\section{Introduction}\label{sec:intro}
Many machine learning (ML) systems are built based on an assumption that training and testing data are sampled independently and identically from the same distribution. However, this is commonly violated in real applications where the environment changes during model deployment, and there exist distribution shifts between training and testing data. The problem of training models that are robust under distribution shifts is typically referred to as domain adaptation (or generalization), where the goal is to train a model on \textit{source} domain that can generalize well on a \textit{target} domain. Specifically, domain adaptation (DA) aims to deploy model on a \textit{specific} target domain, and it assumes the data from this target domain is accessible during training. In contrast, domain generalization (DG) considers a more realistic scenario where target domain data is unavailable during training; instead it leverages multiple source domains to learn models that generalize to \textit{unseen} target domains.   
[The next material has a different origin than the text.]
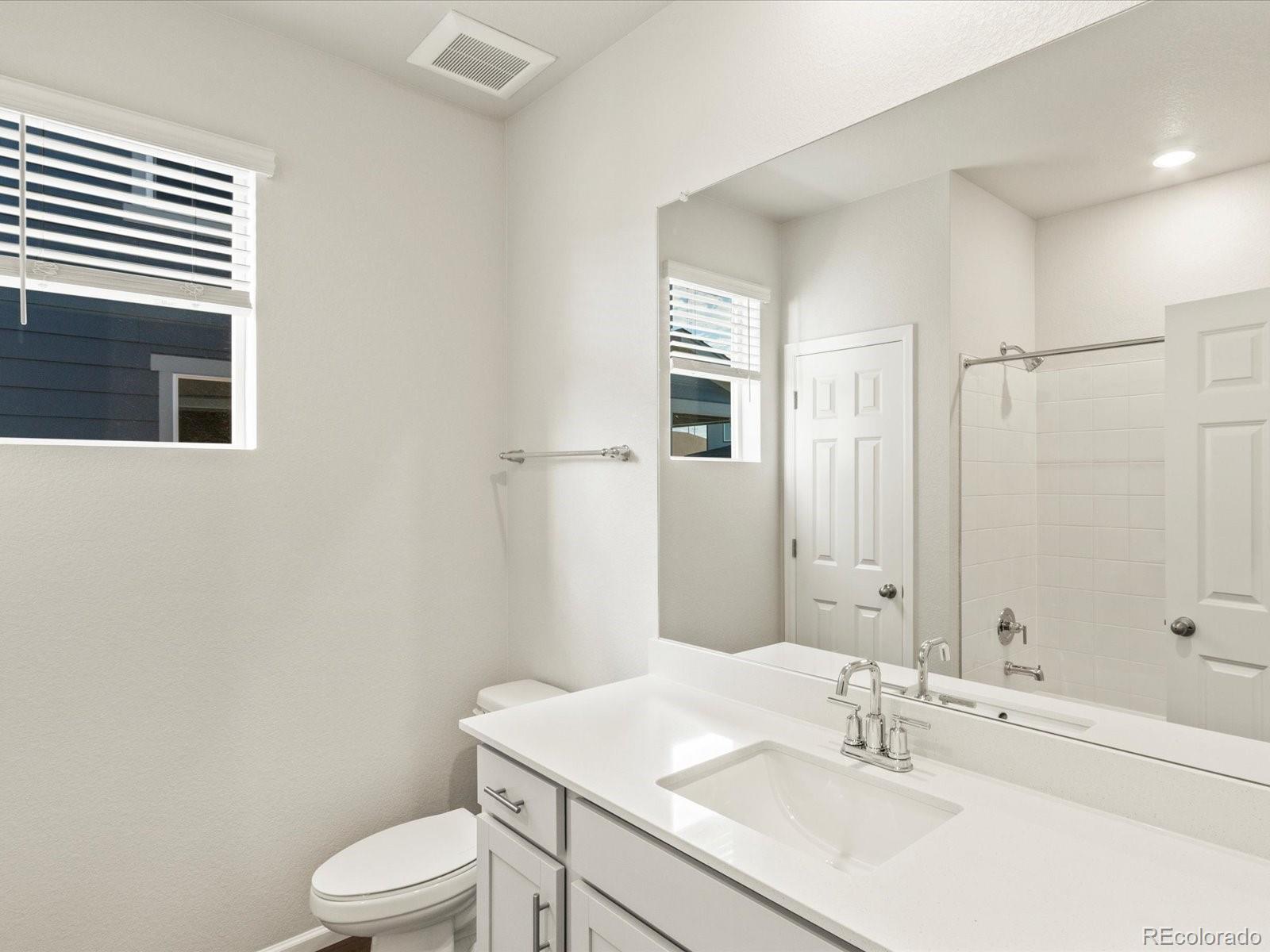 MLS Image #5 for 1641  rumley creek drive,windsor, Colorado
For both DA and DG, various approaches have been proposed to learn a robust model with high performance on target domains. However, most of them assume both source and target domains are sampled from a \textit{stationary} environment; they are not suitable for settings where the data distribution evolves along a specific direction (e.g., time, space). In stationary DG, the domains are treated as an unordered set, while in non-stationary DG, they form an ordered tuple with a sequential structure (see Figure~\ref{fig:5}). This defining characteristic of non-stationary DG renders this setting a challenging task, necessitating novel solutions that account for non-stationary mechanisms. In practice, evolvable data distributions have been observed in many applications. For example, satellite images change over time due to city development and climate change \citep{christie2018functional}, clinical data evolves due to changes in disease prevalence \citep{guo2022evaluation}, facial images gradually evolve because of the changes in fashion and social norms \citep{ginosar2015century}. Without accounting for the non-stationary patterns across domains, existing methods in DA/DG designed for stationary settings may not perform well in non-stationary environments. As evidenced by \citet{guo2022evaluation}, clinical predictive models trained under existing DA/DG methods cannot perform better on future clinical data compared to empirical risk minimization. 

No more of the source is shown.